Mi sobrina de cuatro años vive mendigando una pasadita de rouge adulto. Está fascinada con la mágica ductilidad del colorete, el misterio nocturno de la sombra y la insistencia del perfume infantil. Tiene una carterita llena de porquerías: labiales, pulseras, un anillo de diamantes plástico, dos extensiones de pelo rosa, collares, un set de perfumes frutales y un kit de setenta sombras. Sin embargo, su tierna coquetería es un arma de doble filo: la vehemencia con la que se pinta y su incapacidad para respetar el contorno de los labios la acercan más a la caricatura de un payaso trastornado que a la de una princesa.

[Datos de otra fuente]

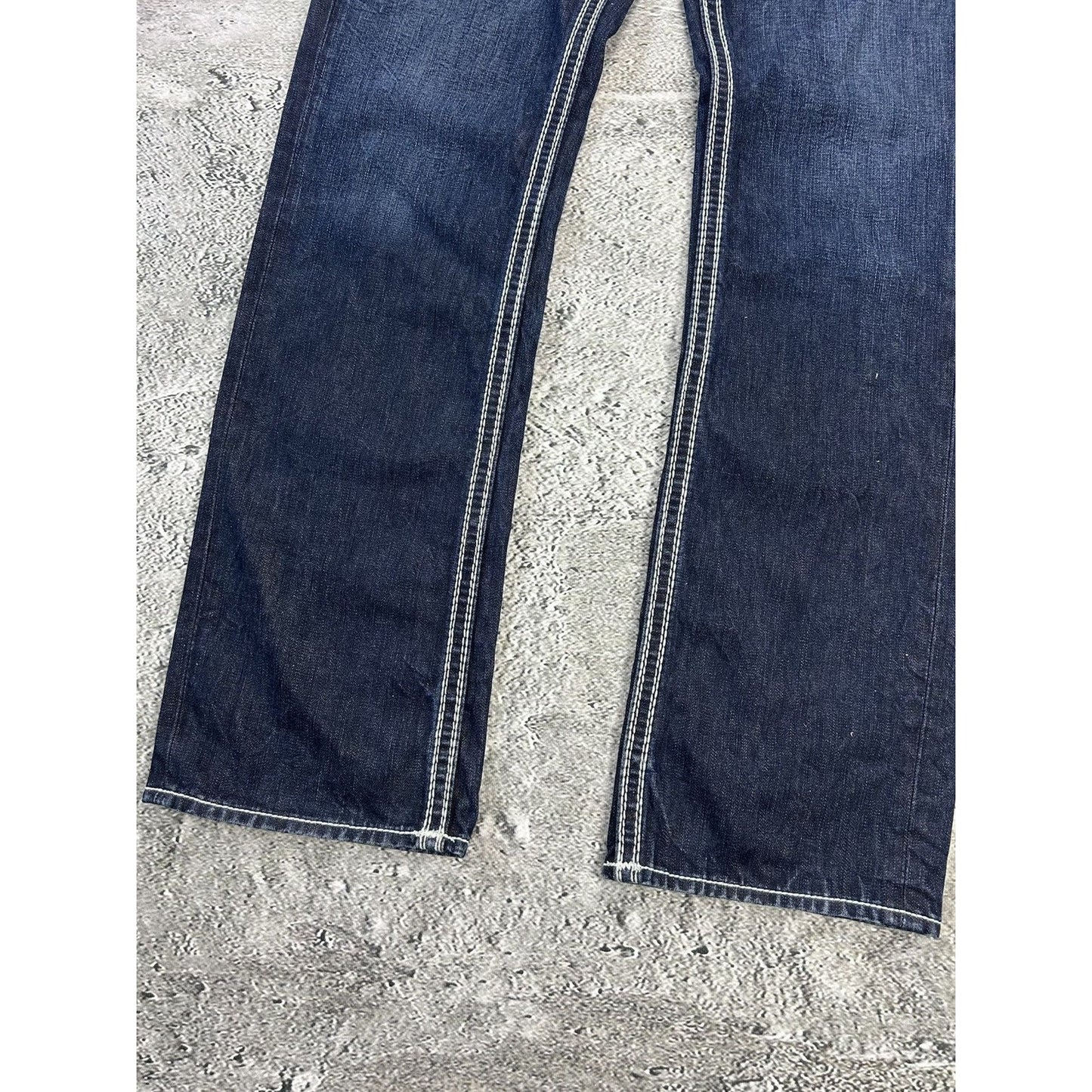 True Religion blue jeans white thick stitching Y2K Bobby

Curiosamente, dentro de diez años, cuando pueda elegir una paleta de colores más discreta, las mismas personas que una vez le ofrecieron rubor generoso, le prohibirán el delineador negro hasta cumplir –por lo menos- dieciseis. La revancha llegará pocos años después cuando intente probar su incipiente madurez abusando del polvo base, del brillo sabor a banana, el delineador para labios, el esmalte de uñas negro o celeste, y el perfume reincidente. Se maquillará con desenvoltura para cualquier ocasión; incluso para ir al supermercado o al colegio por la mañana.
A los veinticinco, sin embargo, es muy probable que este ritual se simplifique (y apenas use delineador negro y corrector de ojeras); y una década más tarde, cuando el duro espejo le presente una realidad amarga, abandonará la decoración caprichosa para entregarse al espíritu reparador de la crema antiarrugas, el bálsamo regenerador con vitaminas y el pulverizador de agua termal.
Alrededor de los cuarenta y cinco, quizá fantasee con una pequeña cirugía. Su mayor preocupación serán las arrugas, las manchas de la piel y el borde de los labios, que se borra de manera misteriosa con el correr de los años.
Recién a los sesenta años volverá a sentir la fuerza de ese primer amor. No habrá aros suficientemente dorados ni rubor más estridente. Todos los collares encontrarán su cuello. Todas las pulseras. Todos los perfumes. Todos los labiales. Como una caja de crayones derretidos reventándose en el piso. Exactamente igual que cincuenta y seis años atrás.